A irmã do artista, a ex-ministra da Cultura
Ana de Hollanda, posicionou-se contrária à necessidade de autorização
prévia, opondo-se a Chico Buarque no debate que invadiu as redes sociais
nos últimos dias. “Afinal, sou filha de um historiador”, disse Ana de
Hollanda ao jornal O Globo, reiterando posicionamento já manifestado no
passado, quando o tema entrou em discussão no Congresso. O debate atual
foi suscitado por uma ação direta de inconstitucionalidade (Adin)
ajuizada pela Associação Nacional dos Editores de Livros (Anel). A
entidade pede que seja suspensa a interpretação dada aos artigos 20 e 21
do Código Civil, segundo a qual é necessário o consentimento do
biografado e das pessoas retratadas como coadjuvantes para a publicação
ou veiculação de obras biográficas, literárias ou audiovisuais
elaboradas a respeito de pessoas públicas ou envolvidas em
acontecimentos de interesse coletivo.
A associação alega que a
lei, interpretada dessa forma, criou uma disputa mercantil em torno dos
direitos de publicação da biografia de personagens históricos. Ressalta
ainda que a nova interpretação não isentaria o biógrafo de
responsabilidade penal ou civil no caso de informação falsa ou ofensiva.

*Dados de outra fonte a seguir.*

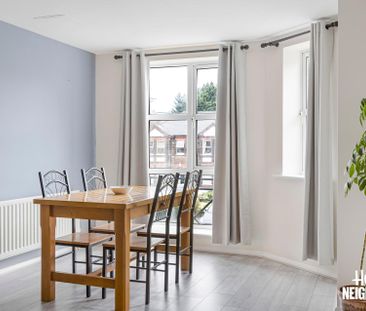 Dexter Close - Photo 3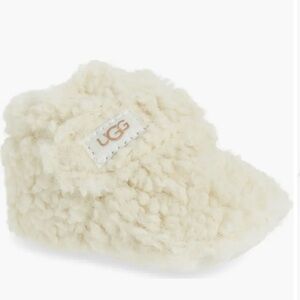 Toddlers UGG Bixbee Bootie Size 4/5
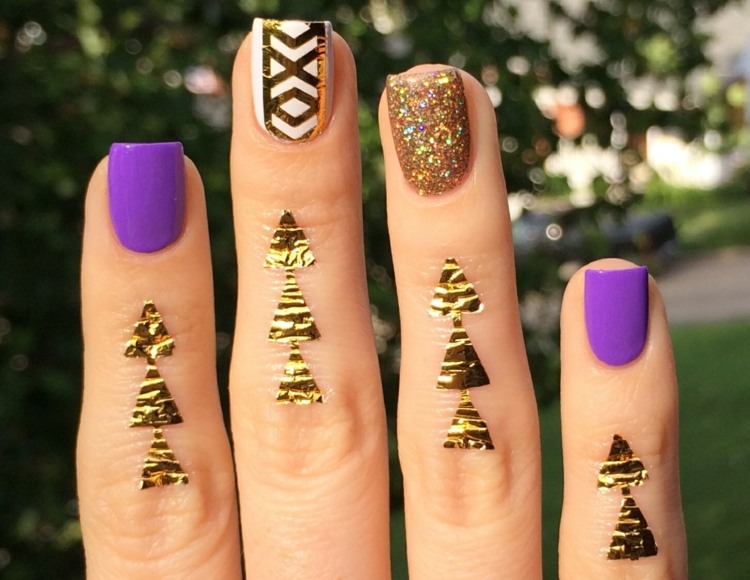 bijoux de peau doigts tatouages-temporaires-dorés-nail-art-assorti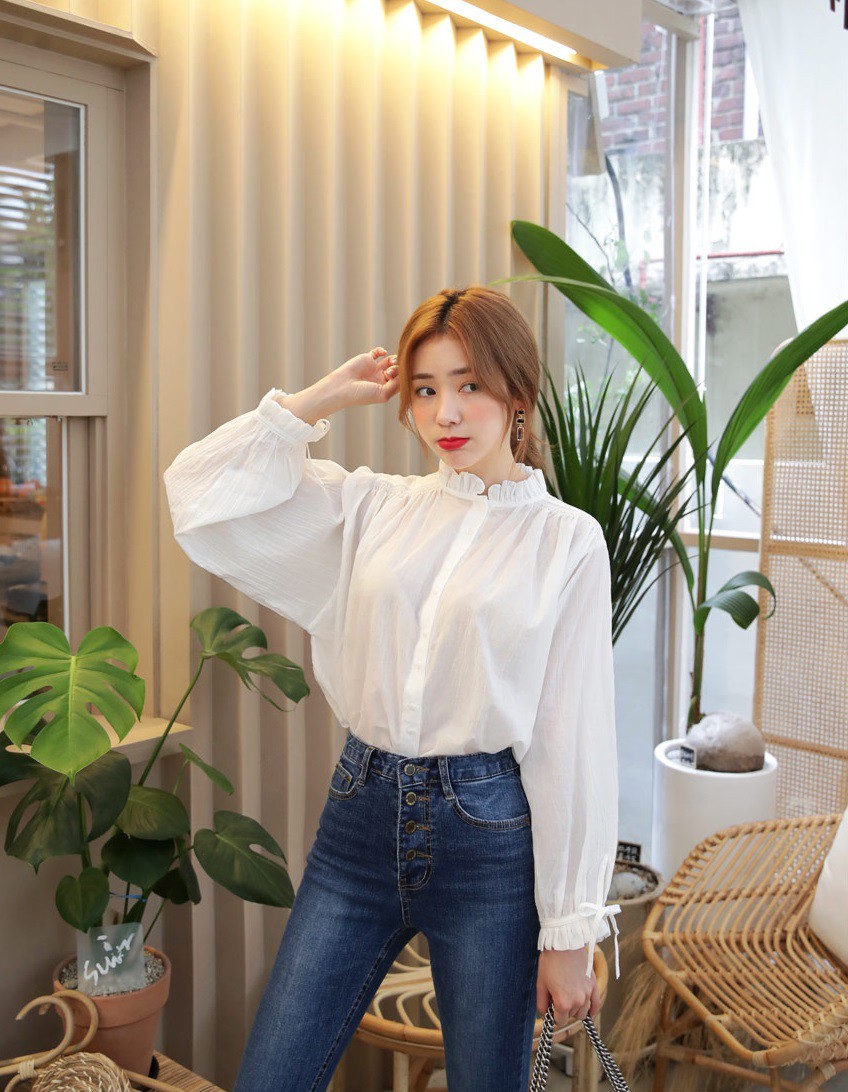 Tủ đồ mùa thu của các nàng sao có thể thiếu 4 mẫu áo blouse tay dài điệu đà, tuyệt xinh này
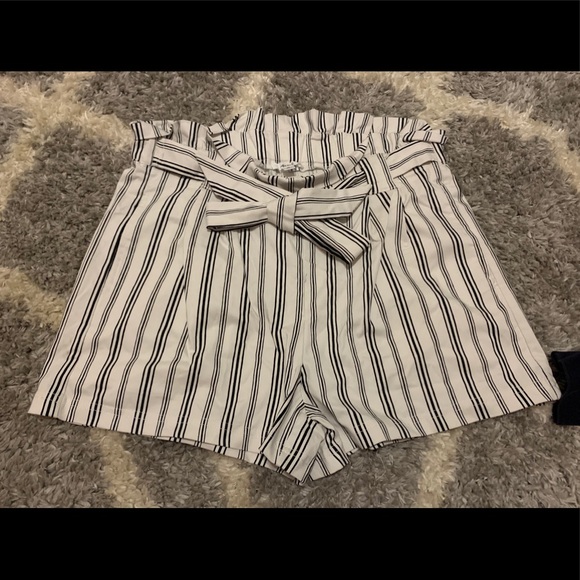 Super fashionable shorts white and black stripes - Picture 1 of 1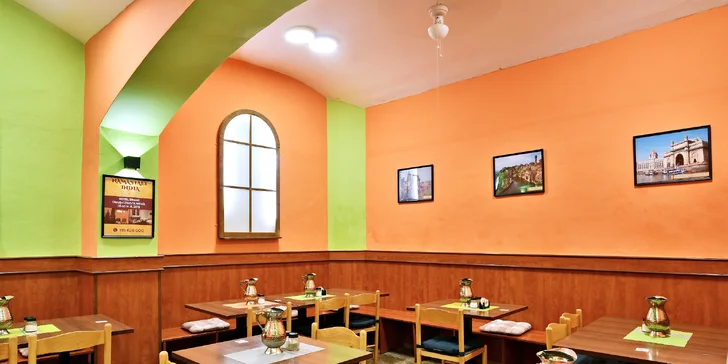Kuchaři vám připraví kuřecí verzi nebo vegetariánskou s tradičním sýrem Paneer.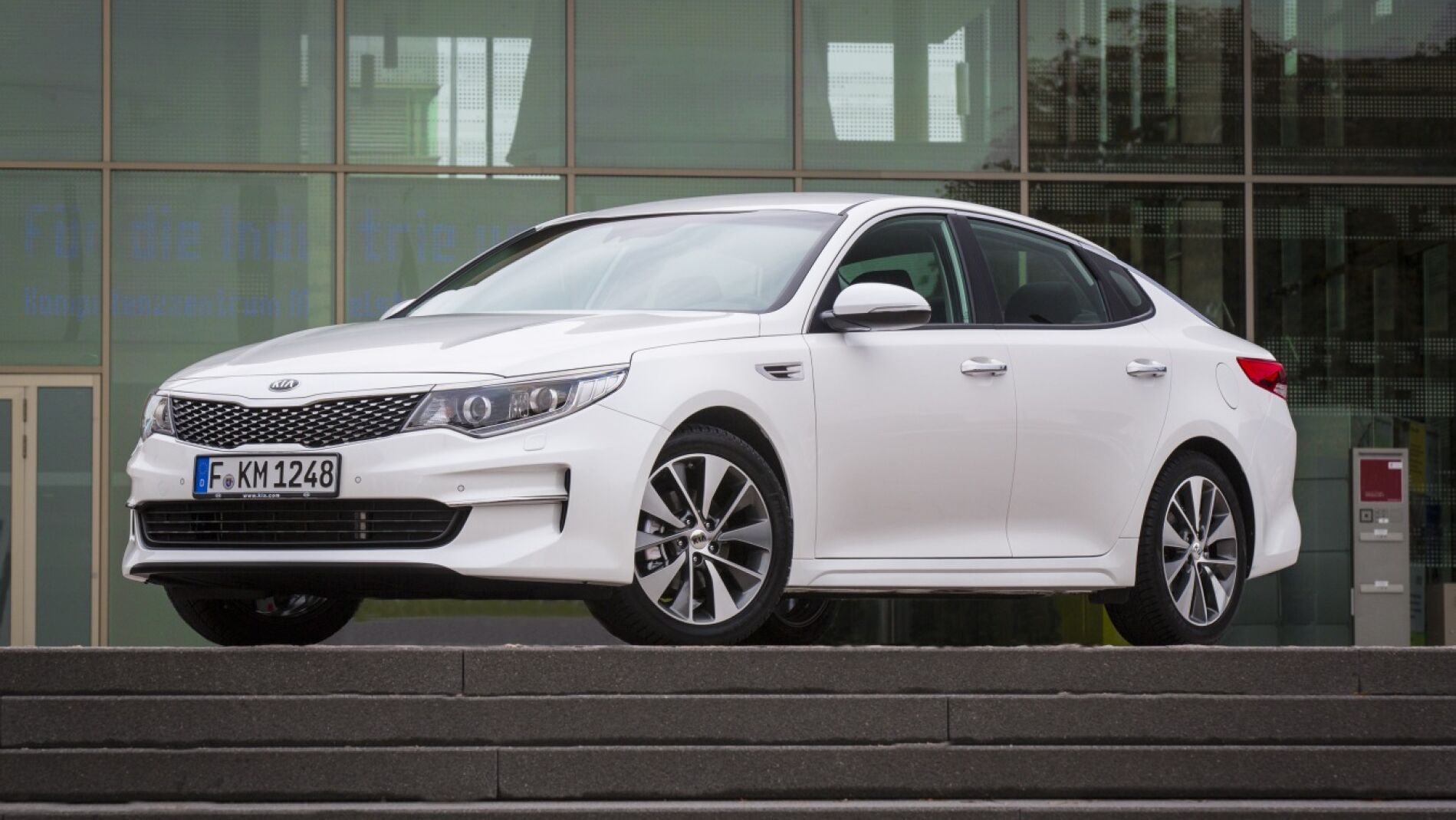 kia-optima13.jpg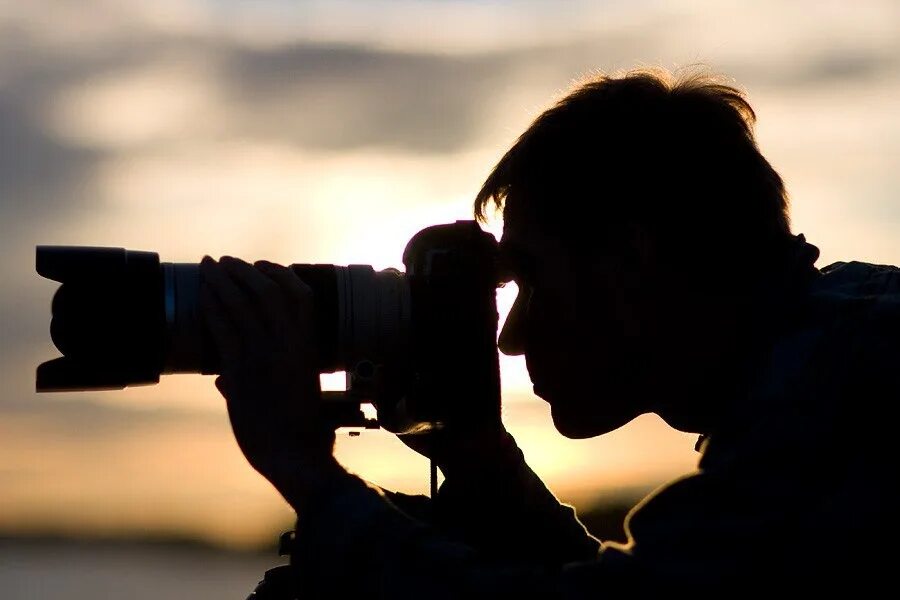 Фотограф с фотоаппаратом. Фотограф фотографирует пару. Толпа фотографов. Фотографы в фотошколе. Фотографируем вместе.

Para o advogado Pedro Carneiro, especialista em direito autoral e
propriedade intelectual, o pedido faz sentido. “O direito de processar e
até retirar a obra de circulação permanece. O que não pode é ter
avaliação prévia. Dar aos herdeiros o direito de vetar um livro é se
apequenar demais. Se houver celeridade da Justiça e multas pesadas no
caso de erro, a sociedade e o mercado amadurecem, ficam mais
responsáveis”, diz.
Ele destaca, porém, que, se o Supremo
Tribunal Federal considerar os dois artigos do Código Civil
inconstitucionais, haverá um vácuo legal grave. “Sem segurança jurídica,
você afeta um mercado fundamental para a memória de um país, para a
literatura e a cultura”, avalia Carneiro.
Entenda o caso
»
O debate sobre biografias não autorizadas está centrado nos artigos 20 e
21 do Código Civil. O primeiro dispositivo determina que podem ser
proibidas “a divulgação de escritos, a transmissão da palavra, ou a
publicação, a exposição ou a utilização da imagem de uma pessoa” em dois
casos: “se lhe atingirem a honra, a boa fama ou a respeitabilidade” ou
se forem destinadas para “fins comerciais”. O outro dispositivo define
que a “vida privada da pessoa natural é inviolável”, e reforça o poder
do juiz para, “a requerimento do interessado”, impedir as publicações ou
recolhê-las.
» Com base nos dois artigos, artistas e
herdeiros têm conseguido, na Justiça, proibir o lançamento ou tirar de
circulação biografias não encomendadas pelos biografados ou suas
famílias.
» A polêmica só terá fim quando o Supremo
Tribunal Federal, provocado pela Associação Nacional dos Editores de
Livros, julgar a Ação Direta de Inconstitucionalidade 4.815, que
questiona os artigos 20 e 21 do Código Civil. Outra saída pode estar em
um projeto de lei aprovado na Câmara dos Deputados que reforma os dois
dispositivos da lei para impedir a censura prévia.